Sebelumnya, permohonan kami agar Majelis Hakim yang memeriksa perkara terdiri dari keseluruhannya perempuan telah ditolak melalui surat tertanggal 12 September 2025 dengan alasan teknis terkait sistem Smart Majelis. Akibatnya, Majelis Hakim yang ditunjuk seluruhnya laki-laki, yang kami nilai kurang mampu mengakomodasi sensitivitas gender dan keberpihakan yang menjadi kunci dalam pemeriksaan perkara ini.

Kasus ini termasuk kategori perkara “Perempuan Berhadapan dengan Hukum” yang mensyaratkan agar hakim dapat menerapkan asas-asas seperti penghormatan harkat dan martabat manusia, non-diskriminasi, kesetaraan gender, dan keadilan. Peraturan Mahkamah Agung Nomor 3 Tahun 2017 menekankan pentingnya hakim memahami konteks diskriminasi dan bias gender, serta memberikan perlindungan dan akses keadilan yang setara bagi perempuan korban.

Hal ini juga kami lakukan atas dasar saran dan petunjuk Majelis Hakim yang justru menyarankan agar kami mencabut gugatan yang ada dan mendaftarkan ulang dengan melampirkan permohonan susunan majelis hakim perempuan secara lengkap dalam satu berkas. Dengan memahami dan menghargai petunjuk tersebut, oleh karena itu kami mencabut gugatan lama dan mendaftarkan gugatan baru dengan harapan permohonan kami dapat dipertimbangkan secara serius.

Kami sampaikan bahwa gugatan baru tersebut telah resmi didaftarkan dan memperoleh nomor perkara 335/TF/G/2025/PTUN.JKT. Dengan harapan permohonan kami terkait susunan majelis hakim perempuan dapat dipertimbangkan secara serius.
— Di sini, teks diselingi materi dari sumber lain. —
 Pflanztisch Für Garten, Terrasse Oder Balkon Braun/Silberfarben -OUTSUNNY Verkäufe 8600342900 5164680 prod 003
Keputusan strategis ini kami ambil untuk memastikan bahwa proses hukum berjalan adil, transparan, dan menghormati hak-hak korban yang selama ini terabaikan. Kami meyakini bahwa hanya melalui majelis hakim perempuan yang peka terhadap isu gender dan memiliki keberpihakan kepada korban, penegakan hukum dapat benar-benar menjadi alat untuk keadilan dan perlindungan hak asasi manusia, khususnya bagi para perempuan korban kekerasan seksual Peristiwa Mei 1998. Pada hal ini, kehadiran Majelis Hakim perempuan yang sensitif terhadap perspektif gender dan keberpihakan kepada korban adalah satu-satunya cara untuk memastikan proses hukum berjalan adil dan tidak merugikan korban perkosaan massal yang telah lama menanti keadilan.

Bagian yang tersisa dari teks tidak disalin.